Source data
- Opening Delimiter -
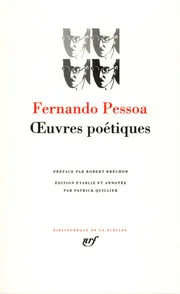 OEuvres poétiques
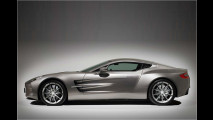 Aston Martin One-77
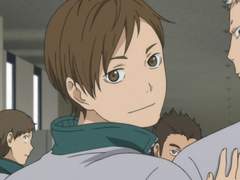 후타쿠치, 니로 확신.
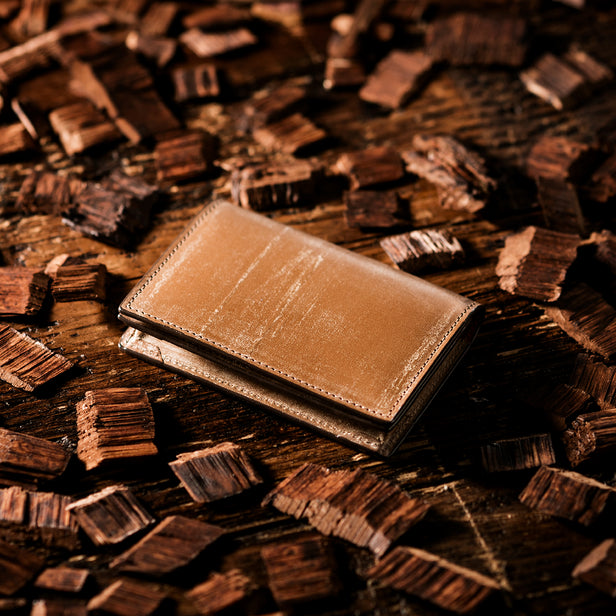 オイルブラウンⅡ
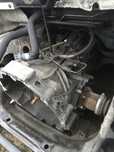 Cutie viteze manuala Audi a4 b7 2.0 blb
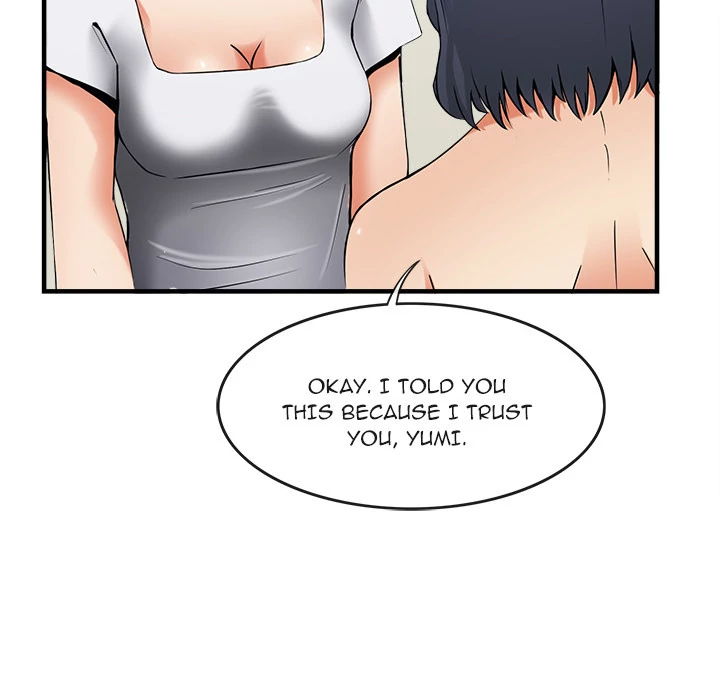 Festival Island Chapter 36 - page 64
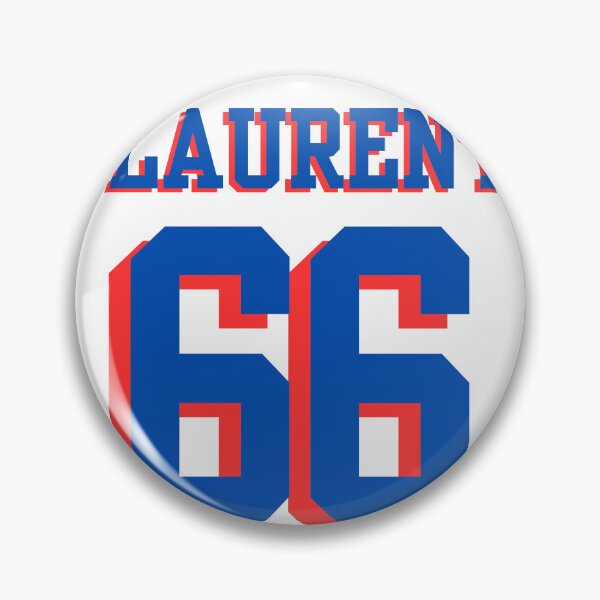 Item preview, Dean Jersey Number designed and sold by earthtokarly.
- Closing Delimiter -
ACTIVITY: Copy out all the data exactly; skip the pictures.

YOUR SOLUTION:
 OEuvres poétiques
 Aston Martin One-77
 후타쿠치, 니로 확신.
 オイルブラウンⅡ
 Cutie viteze manuala Audi a4 b7 2.0 blb
 Festival Island Chapter 36 - page 64
 Item preview, Dean Jersey Number designed and sold by earthtokarly.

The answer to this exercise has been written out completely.